Monday, May 10, 2010 10:00 AM
Kagan Has Few Vulnerabilities

(Alex Wong/Getty Images)
Today President Obama is nominating Solicitor General Elena Kagan to the Supreme Court. Here is what National Journal's Stuart Taylor Jr. wrote about Kagan last month when she first emerged as a possible nominee:
Kagan's assets include her outstanding record as a professor and dean at Harvard Law School, where she brought in some conservative professors and calmed the school's politically contentious faculty; her experience as a domestic policy aide in the Clinton White House; her age (only 49); and -- crucially -- her careful avoidance of a paper trail of controversial statements for critics to attack.

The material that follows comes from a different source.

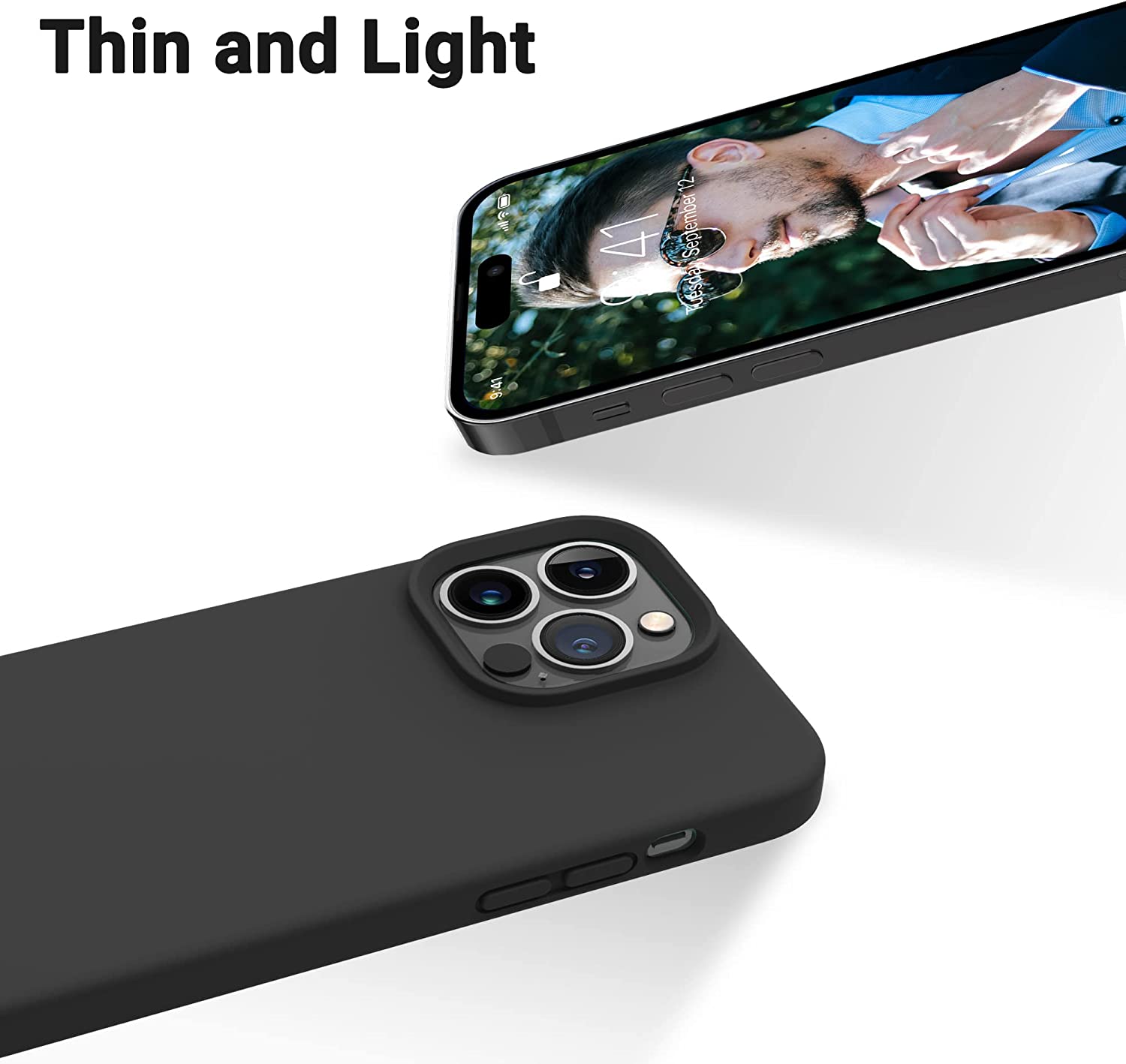 Ốp lưng silicon case cho iPhone 14 Pro Max (6.7 inch) siêu mỏng 0.3mm chống bám bẩn hiệu Memumi Liquid mặt lưng siêu mềm mịn, có gờ bảo vệ camera - hàng nhập khẩu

"I don't know anyone who has had a conversation with her in which she expressed a personal conviction on a question of constitutional law in the past decade," wrote Tom Goldstein, a leading Supreme Court litigator and the founder of Scotusblog, in a widely read February 23 piece on his website.
The one issue that could slow down Kagan's confirmation is her impassioned effort as dean to bar military recruiting on campus to protest the law banning openly gay people from serving in the military, which she called "a moral injustice of the first order."
Kagan carried this opposition to the point of joining a 2005 amicus brief whose strained interpretation of a law denying federal funding to institutions that discriminate against military recruiters would -- the Supreme Court held in an 8-0 decision -- have rendered the statute "largely meaningless." This helps to explain the 31 Republican votes against confirming her as solicitor general.
Many liberal critics are unhappy with Kagan's arguments as solicitor general supporting the "state secrets" doctrine, detentions without trial, and other broad Obama claims of executive power to fight terrorism -- some of them similar to the Bush policies that liberals hate. But their angst would be no obstacle to confirmation.